In its ‘Annual Energy Outlook 2022’ Reference case, the US Energy Information Agency projects that US natural gas production will continue to increase to 2050. The Reference case is the baseline in AEO2022, and it projects energy trends based on current laws, regulations, and market conditions. Much of the modelled growth in natural gas production results from rising demand for US natural gas exports, especially for liquefied natural gas. It expects natural gas exports to continue to rise through the early 2030s before levelling off.
Annual US natural gas production is expected to grow by almost 25% to 2050 in the AEO2022 Reference case. Much of this growth comes from the Appalachia Basin (East region) and the Mississippi-Louisiana salt basins (Gulf Coast region). However, more than half of it comes from natural gas production in oil formations, so-called ‘associated gas’.
The most significant increase in production of associated natural gas is in the Wolfcamp formation of the Permian Basin in the US Southwest. The Wolfcamp and Haynesville formations’ proximity to LNG export terminals on the Gulf Coast in Texas and Louisiana has facilitated production growth in these regions.
Natural gas from the Appalachia Basin also reaches export markets; however, EIA projects that the majority of new production from this region will be directed toward domestic markets because access from Appalachia to export terminals is constrained by pipeline infrastructure.

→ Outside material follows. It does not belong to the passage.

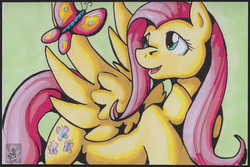 Size: 1783x1188 | Tagged: safe, artist:stormblaze-pegasus, fluttershy, butterfly, pony, g4, female, mare, simple background, smiling, solo, traditional art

As a result, the region’s relatively low production costs are predominately driving the growth in Appalachia’s natural gas production.
In 2021, US natural gas exports set a record high for the seventh consecutive year. EIA projects that after 2033 natural gas exports will stay relatively flat for the remainder of the projection period. Most natural gas export growth comes from LNG, but exports of natural gas by pipelines to Mexico and Canada will also increase.
Continued growth in natural gas exports to 2025 will be driven by increases in LNG capacity at facilities that are currently under construction. Additional LNG trains at Sabine Pass and Calcasieu Pass in Louisiana and at Golden Pass in Texas are now expected to enter service much earlier than anticipated in the 2021 projections, increasing the amount of infrastructure available for converting natural gas to LNG for export. Recent completions of additional natural gas pipeline infrastructure have also increased capacity into Mexico.
Natural gas production is expected to increase from 2025 to meet a growing LNG export demand, feeding a global demand for natural gas that will continue to be high, making it more economically feasible to build additional LNG export facilities in the USA. These LNG capacity expansions, coupled with increasing demand for natural gas abroad, result in an increased forecast of LNG exports to 5.86 trillion cubic feet by 2033 in the Reference case, up 65% from current levels.